5- Dünyada enflasyonun yükselmesi: ABD’de enflasyon yüzde 2.3 ile aralık ayında son 5 yılın en yüksek seviyesine çıktı. Fed, enflasyonun endişe yaratacak seviyede olmadığını düşünüyor, bu da fi yatların yükseliş alını olduğuna işaret ediyor. Dünya genelinde de enflasyon yükseliyor. Almanya’da 2013’ten bu yana en yüksek enflasyon yaşanıyor. Çin’de de enflasyon aralıkta, 2011’den bu yana en yüksek seviyeye çıkmıştı. Enflasyon, tahvil ve diğer sabit getirili varlıkların cazibesini azaltırkan, altının parlamasına yardımcı olur.
6- Altına erişimin kolaylaşması : İnternet’in yaygınlaşması, ETF’lere hisse yatırım fonları) erişimin kolaylaşması daha ulaşılabilir yaptı.
7- Nakitsiz ekonomik sistemin güçlenmesi: Nakdin azaldığı ve nakitsiz ekonomik sistemlerin güçlenmeye başlandığı ortamda altın güvenli bir işlem aracı olarak ortaya çıkıyor.
8- Artan para arzı: Fed, para politikasını sıkılaştırmaya çalışsa da, dünyanın geri kalanında gevşeme hamleleri sürüyor. Avrupa Merkez Bankası (ECB) tahvil alımlarına devam ediyor. Asya ekonomilerinde de merkez bankalarının bilançoları büyüyor. Geçtiğimiz günlerde Çin Merkez Bankası para piyasalarına 164 milyar dolar enjekte etti. Para arzının para birimlerinin değerinde düşüşü gündeme getirmesi halinde, altının cazibesi artabilir.

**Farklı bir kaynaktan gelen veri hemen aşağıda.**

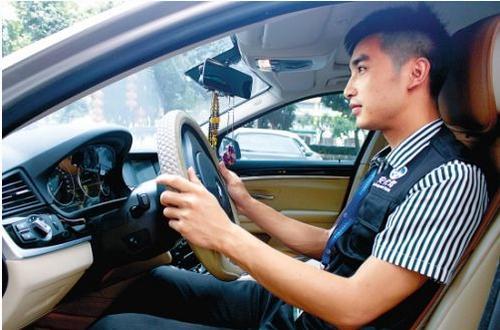 代驾收费详解，计费方式、因素与趋势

9- Altın madenlerinde arzın azalması: Yeni altın rezervleri bulmakta zorlanan madencilerin üretimi yavaşlamaya başladı. Son 10 yılda araştırma bütçeleri 10 kat artsa da, yeni altın rezervi keşfi 2006’ya göre yüzde 85 azalmış durumda. Üstelik yeni keşfedilen yerlerde altın cevheri miktarı daha az. Bu da arz üzerinde olumsuz etki yaratabilir.
10- Altında güvenli yatırım algısının yeniden güçlenmesi: Geçtiğimiz yılın ilk yarısında altın fiyatları yüzde 26 yükselerek 1.300 dolar/onsun üzerine çıkırken, 2016’nın tümünde fiyatlar yüzde 8’in üzerinde artış gösterdi. Bu yıl da altın fi yatları yükseliş trendinde. Geçtiğimiz hafta fiyatlarda artış yüzde 5’i buldu. 3 yıl art arda yaşanan düşüşlerden sonra 2016’da altına karşı güvenli liman algısının altın lehine değiştiği ve 2017’de de süreceği belirtiliyor.